-- The data follows --

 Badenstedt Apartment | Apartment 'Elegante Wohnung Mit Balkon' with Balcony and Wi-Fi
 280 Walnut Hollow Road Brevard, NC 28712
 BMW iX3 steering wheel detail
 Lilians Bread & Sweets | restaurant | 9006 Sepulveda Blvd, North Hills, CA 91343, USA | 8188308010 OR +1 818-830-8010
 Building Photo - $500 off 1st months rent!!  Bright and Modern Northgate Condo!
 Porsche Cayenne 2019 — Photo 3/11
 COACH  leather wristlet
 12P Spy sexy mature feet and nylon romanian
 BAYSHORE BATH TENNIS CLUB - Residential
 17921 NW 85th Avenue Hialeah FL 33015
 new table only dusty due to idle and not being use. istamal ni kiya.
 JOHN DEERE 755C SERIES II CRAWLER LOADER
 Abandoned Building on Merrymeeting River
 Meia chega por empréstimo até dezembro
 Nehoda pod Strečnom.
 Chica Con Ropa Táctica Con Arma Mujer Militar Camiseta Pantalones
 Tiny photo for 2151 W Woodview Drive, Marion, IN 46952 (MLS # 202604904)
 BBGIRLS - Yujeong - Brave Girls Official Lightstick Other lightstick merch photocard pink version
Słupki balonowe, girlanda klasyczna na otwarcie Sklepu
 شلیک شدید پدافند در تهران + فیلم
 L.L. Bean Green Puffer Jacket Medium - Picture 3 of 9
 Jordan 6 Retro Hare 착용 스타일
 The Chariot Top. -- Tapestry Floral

-- The data concluded --

--- Try it ---
Reproduce the data exactly, character for character.

--- Written answer ---
 Badenstedt Apartment | Apartment 'Elegante Wohnung Mit Balkon' with Balcony and Wi-Fi
 280 Walnut Hollow Road Brevard, NC 28712
 BMW iX3 steering wheel detail
 Lilians Bread & Sweets | restaurant | 9006 Sepulveda Blvd, North Hills, CA 91343, USA | 8188308010 OR +1 818-830-8010
 Building Photo - $500 off 1st months rent!!  Bright and Modern Northgate Condo!
 Porsche Cayenne 2019 — Photo 3/11
 COACH  leather wristlet
 12P Spy sexy mature feet and nylon romanian
 BAYSHORE BATH TENNIS CLUB - Residential
 17921 NW 85th Avenue Hialeah FL 33015
 new table only dusty due to idle and not being use. istamal ni kiya.
 JOHN DEERE 755C SERIES II CRAWLER LOADER
 Abandoned Building on Merrymeeting River
 Meia chega por empréstimo até dezembro
 Nehoda pod Strečnom.
 Chica Con Ropa Táctica Con Arma Mujer Militar Camiseta Pantalones
 Tiny photo for 2151 W Woodview Drive, Marion, IN 46952 (MLS # 202604904)
 BBGIRLS - Yujeong - Brave Girls Official Lightstick Other lightstick merch photocard pink version
Słupki balonowe, girlanda klasyczna na otwarcie Sklepu
 شلیک شدید پدافند در تهران + فیلم
 L.L. Bean Green Puffer Jacket Medium - Picture 3 of 9
 Jordan 6 Retro Hare 착용 스타일
 The Chariot Top. -- Tapestry Floral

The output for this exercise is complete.